Imagine God put Joseph in the backseat and buckled him in. If he would have told them what was going to happen they probably wouldn’t have gotten in the car and gone for the ride. Joseph was thrown into a dirt hole, lied about, abandoned by his family, sold into slavery, accused of rape, thrown into prison, lied to, and forgotten about. Sounds like a great ride. But what the devil meant for evil - God changed for the good. I'll let you read the rest of the story. 

God always restores. If no other words I have typed resonate with you, understand that. God will restore. He has to because He promised it. 

I don’t tell you all of this so you will lose heart and give up along the way. I’m giving you these words so you can challenge your faith and find purpose in why you’re here.

While life can be hard – albeit unbearable it seems at times, nobody can ever take away the love God has proved to you.

Mother Theresa once said– “I know God won’t give me more than I can handle, but I sure wish he wouldn’t trust me so much.”

 If you are doubting the one who came to save you, then I challenge you to rely solely on him in your heartache, in your fear, in your time of desperation.

I challenge you to let him prove his love.

I challenge you to let him see you through your pain.
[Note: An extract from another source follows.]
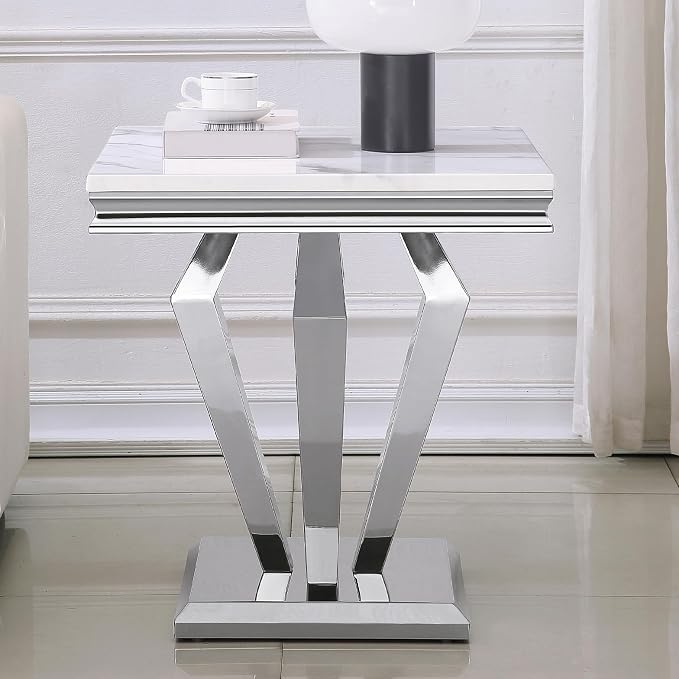 White Silver End Table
 Take a moment right now as you're reading this and give it to the Lord. I know that is easier said than done. It may take you doing it everyday for a week, or a month even. It's a daily discipline to let God have control of your emotions, circumstances, and relationships. I promise you though, once you let go of what you can't control and let God take over the steering wheel, he will restore. Not only will he restore, but he will go beyond what you can even imagine.